The PARSIFAL project addresses several fundamental aspects in the preliminary design of the aircraft: socio-economic studies (to analyze user needs/requirements and existing infrastructure), flight mechanics, aerodynamics and noise emissions, aeroelasticity, and structural analysis of the wing and fuselage architecture (with a view to optimization).
This project represents an ambitious initiative in the field of civil aviation and paves the way for the introduction of an innovative aircraft architecture known as the "PrandtlPlane." This new configuration will make it possible to reduce emissions per passenger and utilize existing infrastructure, as the PrandtlPlane can significantly increase passenger capacity without increasing the aircraft's size. Thus, an A320/B737 could accommodate a number of passengers equivalent to that of an A330/B767, without increasing its size.
This architecture is characterized by a closed wing that is connected to the fuselage at two different points (known as "box-wing architecture"). Instead of a conventional wing, the PrandtlPlane configuration features two horizontal wings connected by two vertical wings. This innovation requires careful study of aspects relating to aerodynamics, flight mechanics, and structural design.

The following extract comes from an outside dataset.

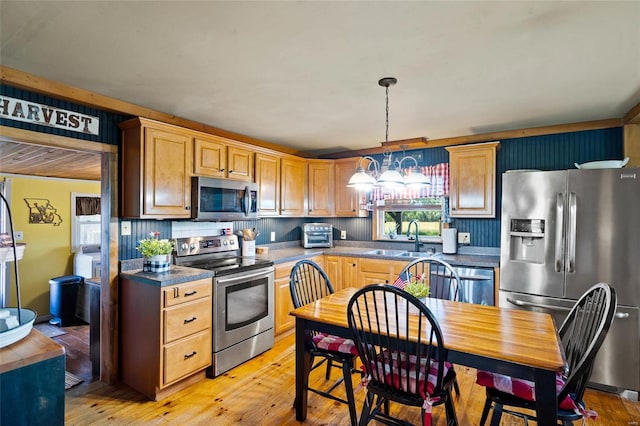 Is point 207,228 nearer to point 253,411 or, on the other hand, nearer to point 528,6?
point 253,411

Our School participated in drafting the project, highlighting the specific features of the design and optimization approaches developed within the IMC department of the I2M Laboratory. The Arts et Métiers campus Arts et Métiers Bordeaux-Talenceis responsible for designing/optimizing the aircraft structure (fuselage and wings), taking into account several design criteria: lightness, stiffness, buckling, strength, etc. The specific approach, developed to address the complexity of the problem, uses multi-scale digital methods and tools, integrated into an original genetic optimization algorithm developed by the IMC. In addition, an experimental study of optimized stiffened panels, manufactured by the Compositeadour technology platform (Bayonne), will take place in the coming months. The aim of these tests will be to experimentally validate the numerical approach adopted for the optimization of composite structures.
The multidisciplinary design of such an aircraft is a challenge that has been taken up by a consortium of complementary academic and research institutions, including Arts et Métiers. This consortium brings together: the University of Pisa (Italy), ENSAM, ONERA (France), TUDelft (Netherlands), DLR (Germany), and the SME SkyBox.